*** Opening of Supplied information ***

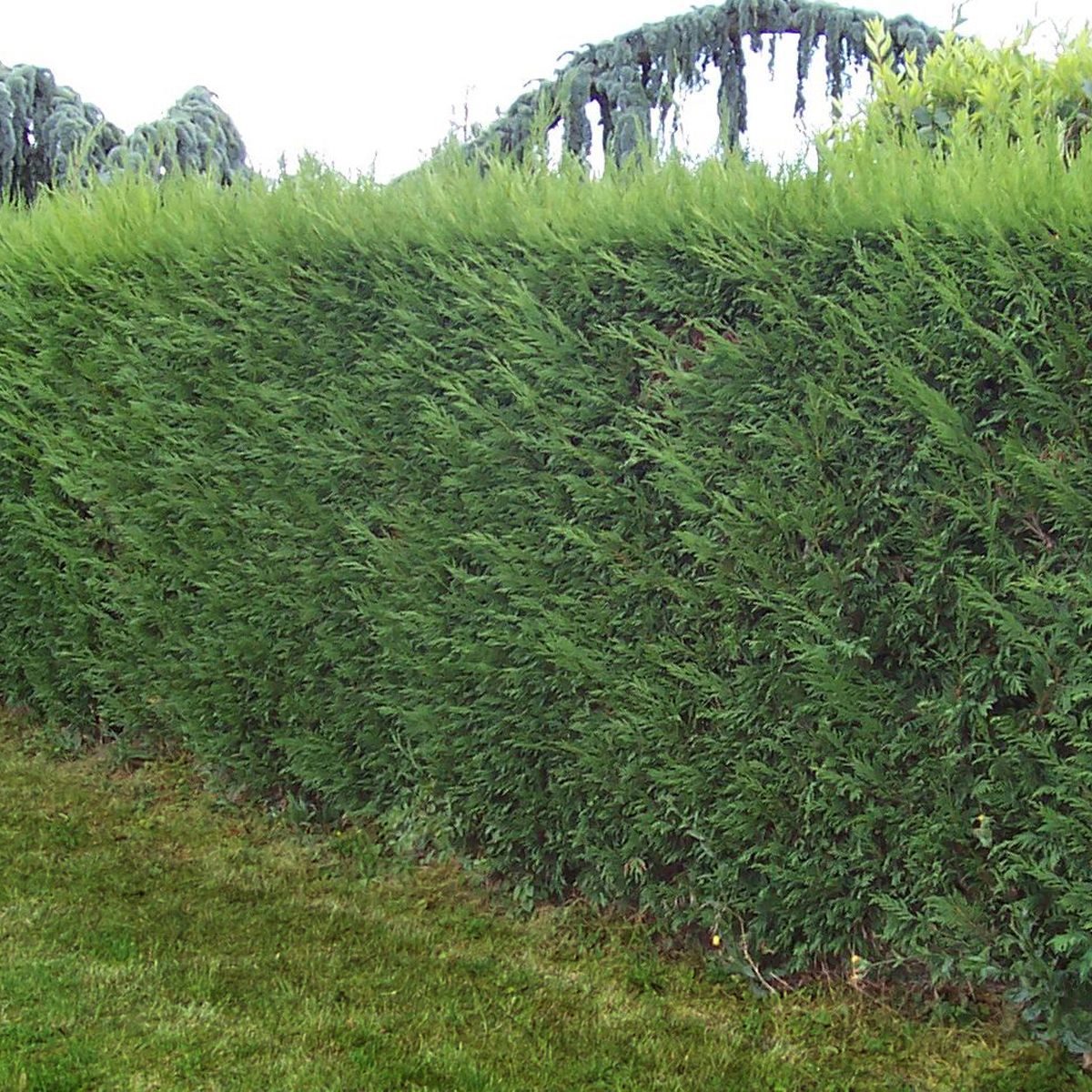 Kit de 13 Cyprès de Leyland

*** Close of Supplied information ***
*** Opening of Supplied information ***

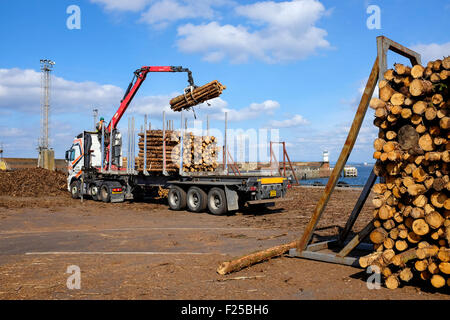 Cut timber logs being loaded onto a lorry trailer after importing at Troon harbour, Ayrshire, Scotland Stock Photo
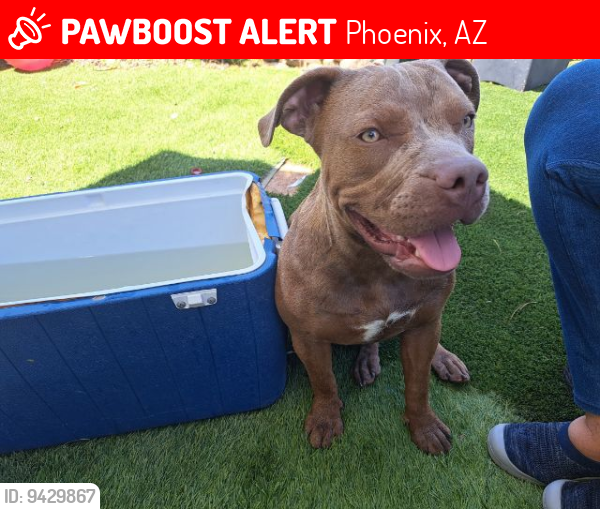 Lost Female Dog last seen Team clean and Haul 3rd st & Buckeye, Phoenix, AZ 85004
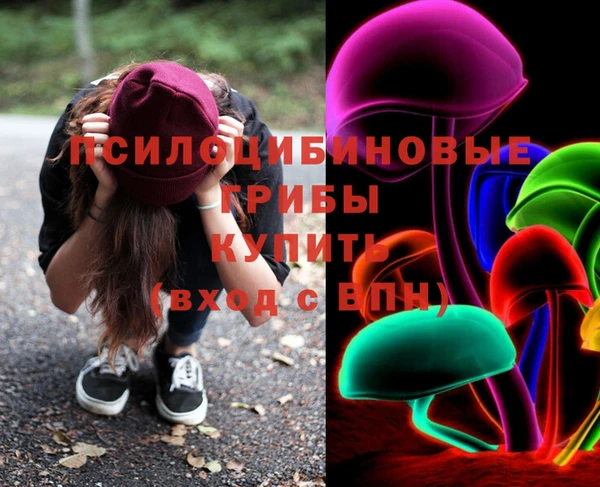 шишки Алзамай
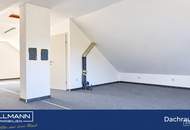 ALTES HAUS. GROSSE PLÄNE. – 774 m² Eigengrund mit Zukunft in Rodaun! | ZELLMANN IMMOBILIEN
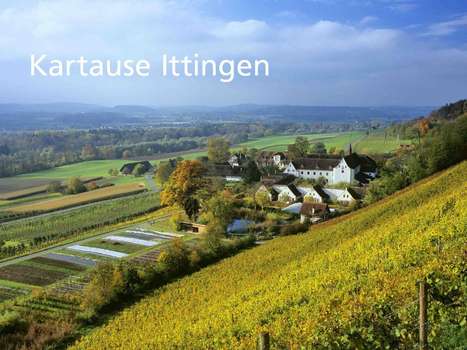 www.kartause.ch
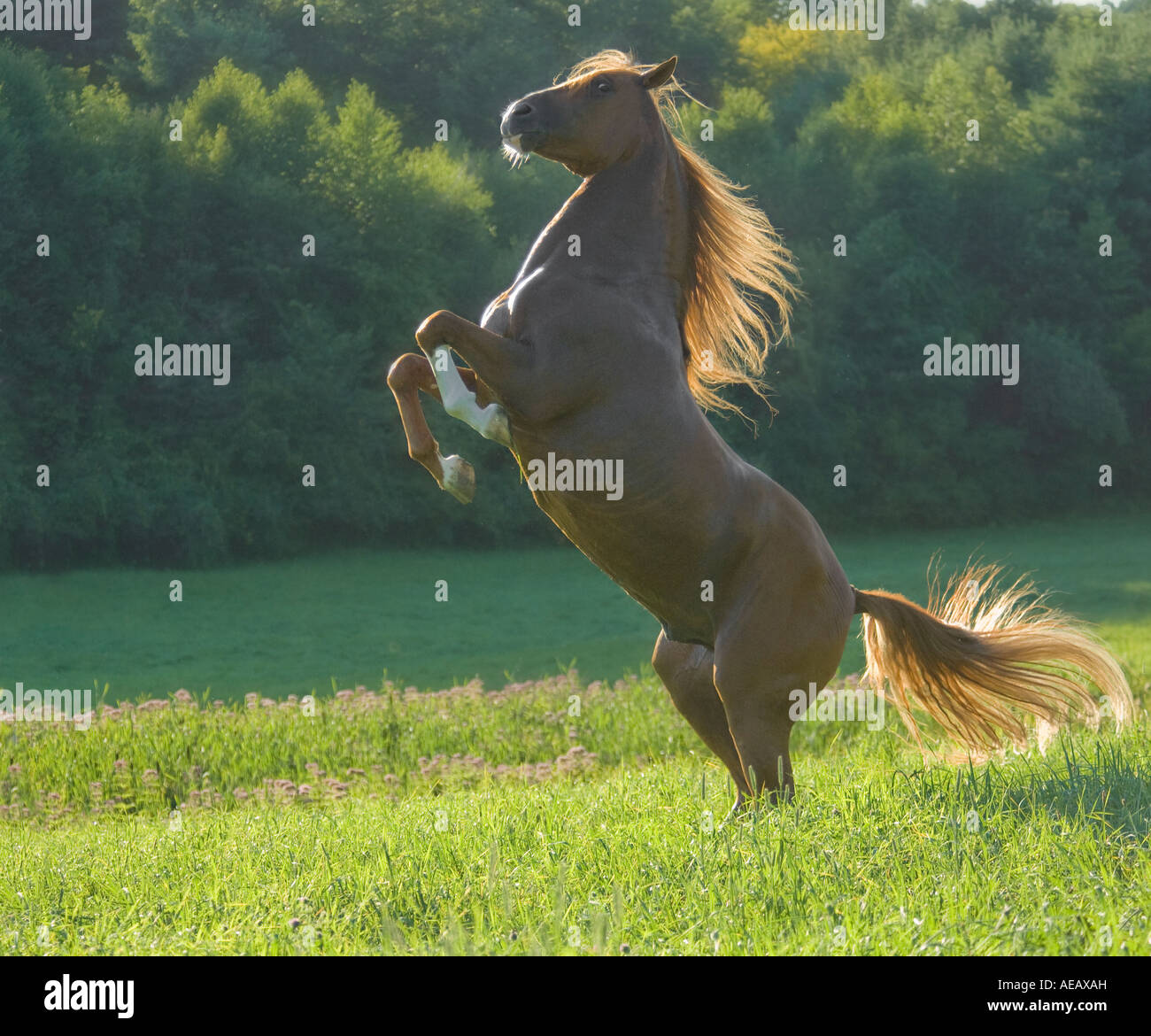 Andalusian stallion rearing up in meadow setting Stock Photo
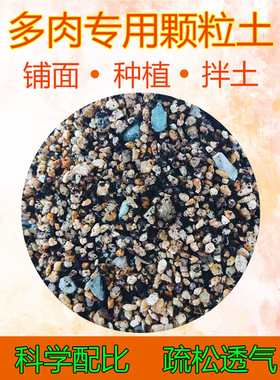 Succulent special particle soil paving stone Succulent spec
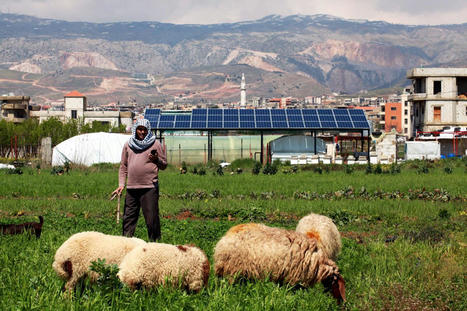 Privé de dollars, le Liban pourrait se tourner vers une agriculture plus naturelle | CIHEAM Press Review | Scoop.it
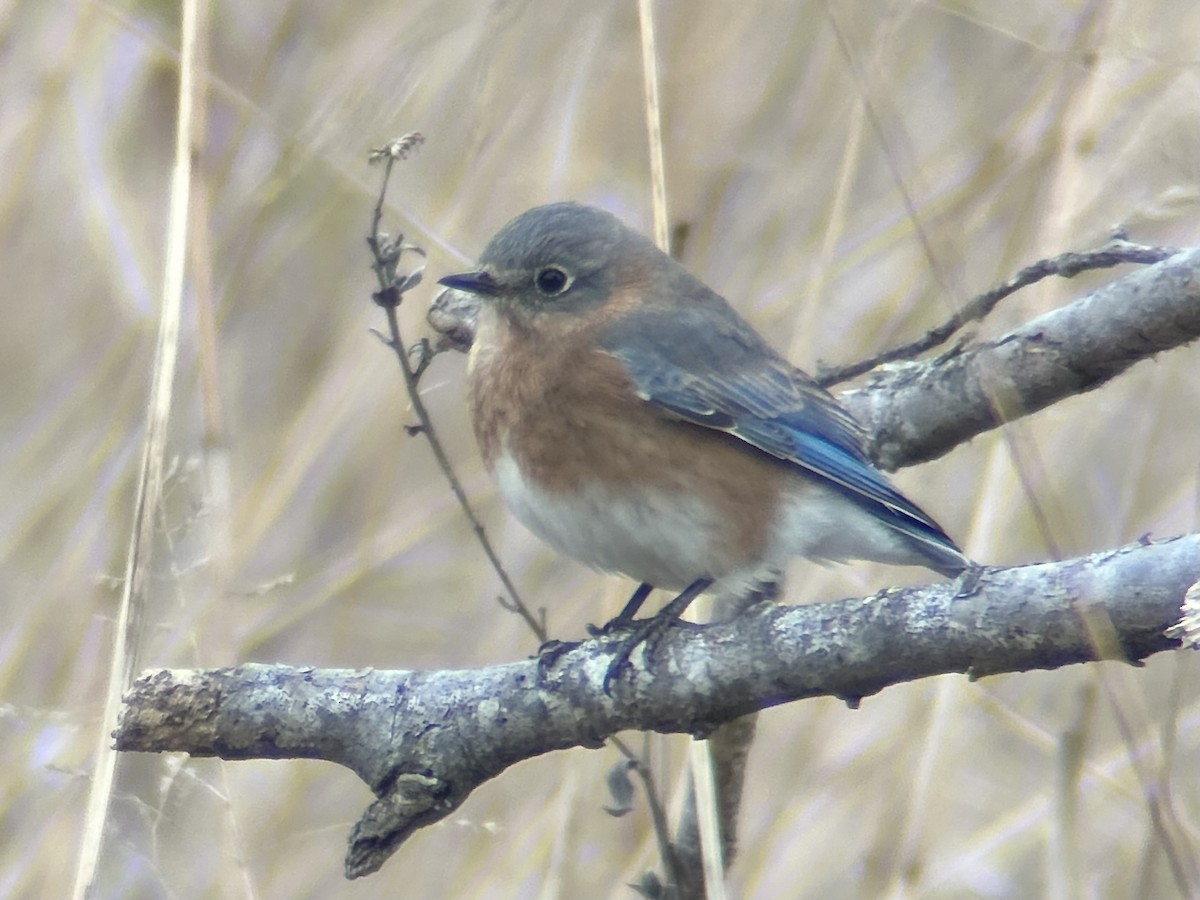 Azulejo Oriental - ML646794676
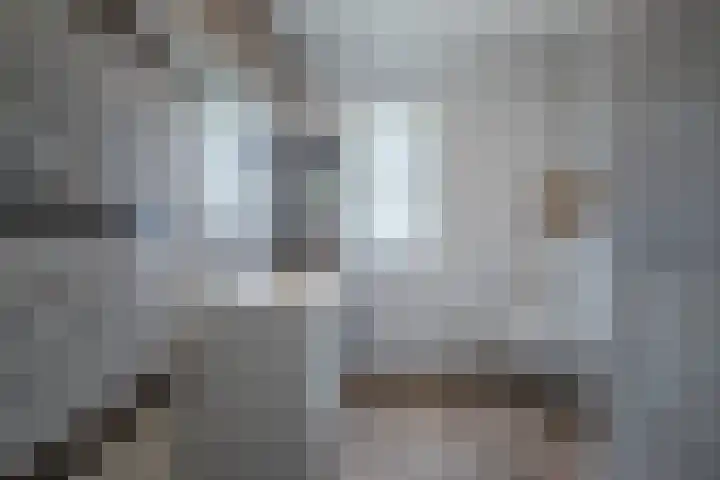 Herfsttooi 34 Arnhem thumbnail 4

*** Close of Supplied information ***
*** Opening of Supplied information ***

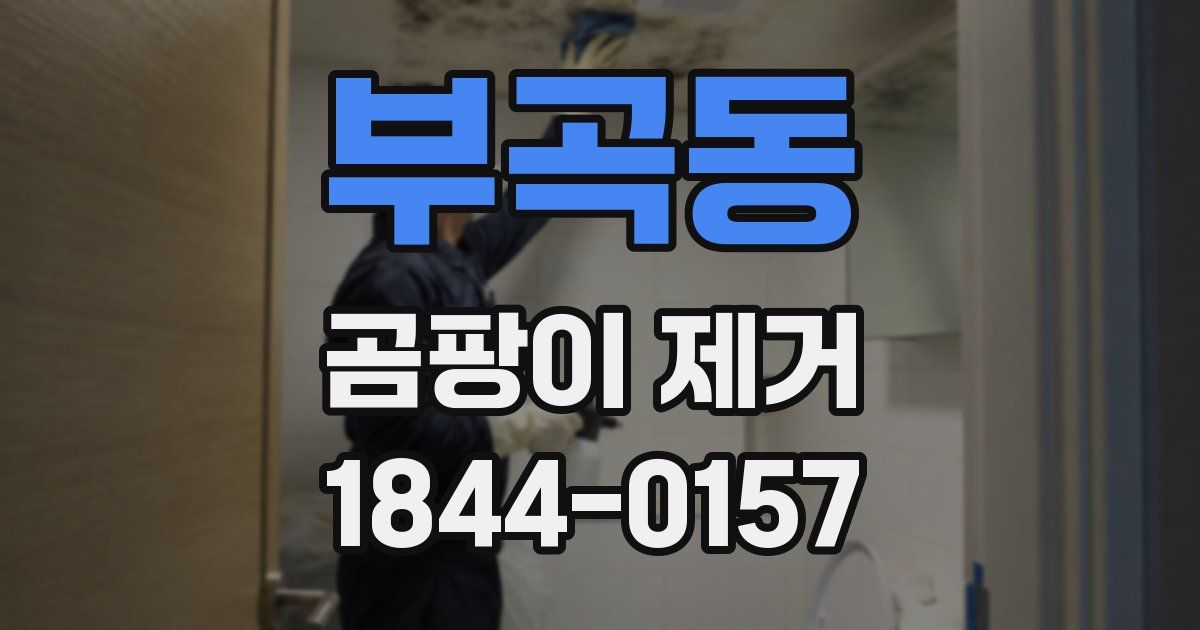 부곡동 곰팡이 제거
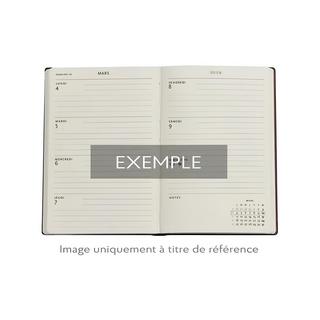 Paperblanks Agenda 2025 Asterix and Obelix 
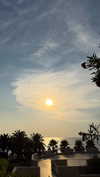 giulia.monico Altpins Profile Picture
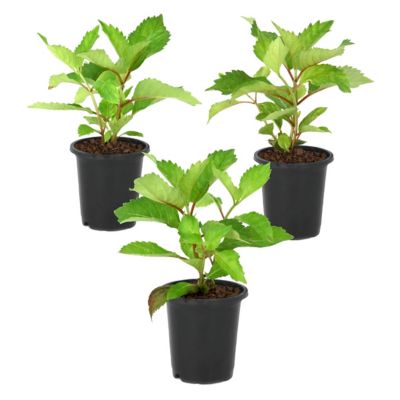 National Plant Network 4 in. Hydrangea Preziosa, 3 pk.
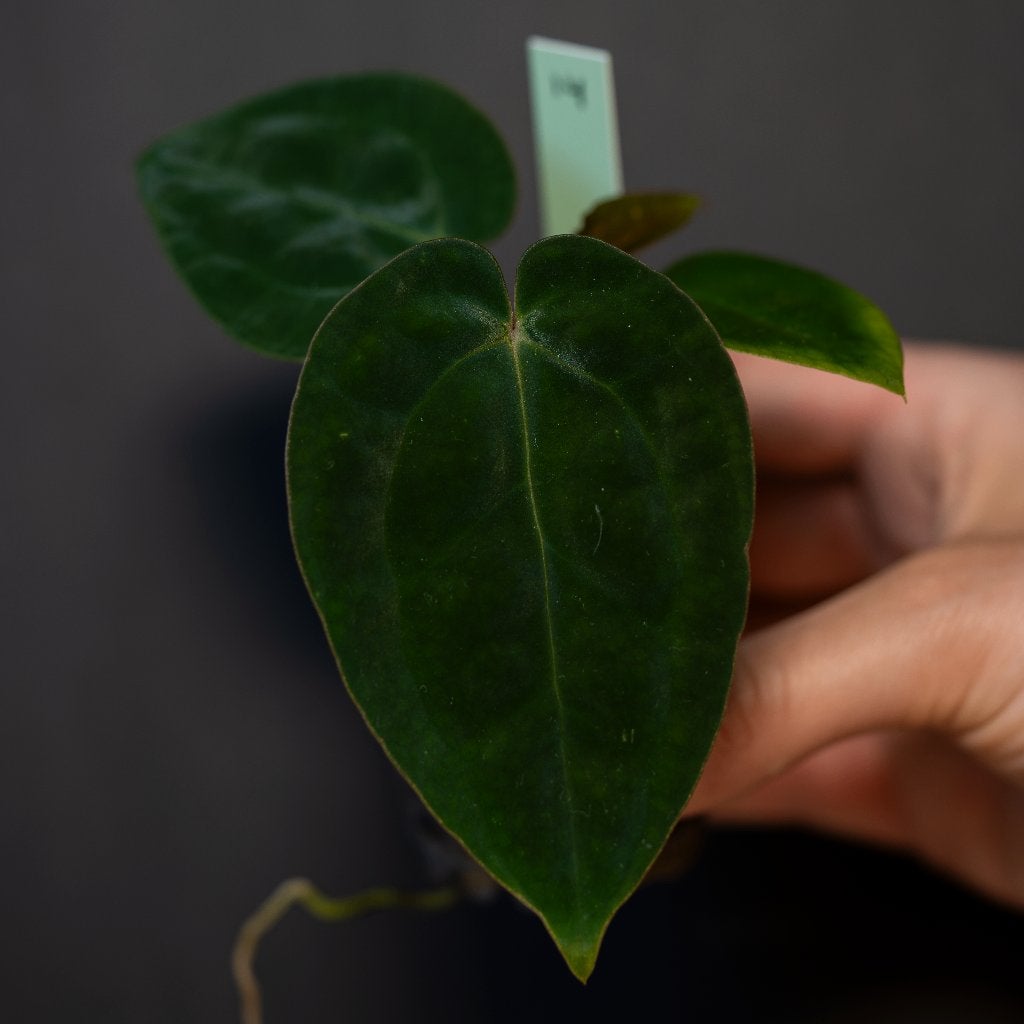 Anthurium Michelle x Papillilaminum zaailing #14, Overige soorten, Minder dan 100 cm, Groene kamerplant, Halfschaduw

*** Close of Supplied information ***

Copy exactly the lines of the listing above between the one holding "Paperblanks Agenda 2025 Asterix and Obelix" and the one holding "Anthurium Michelle x", inclusive; omit all pictures.

• **Response**:
 Paperblanks Agenda 2025 Asterix and Obelix 
 giulia.monico Altpins Profile Picture
 National Plant Network 4 in. Hydrangea Preziosa, 3 pk.
 Anthurium Michelle x Papillilaminum zaailing #14, Overige soorten, Minder dan 100 cm, Groene kamerplant, Halfschaduw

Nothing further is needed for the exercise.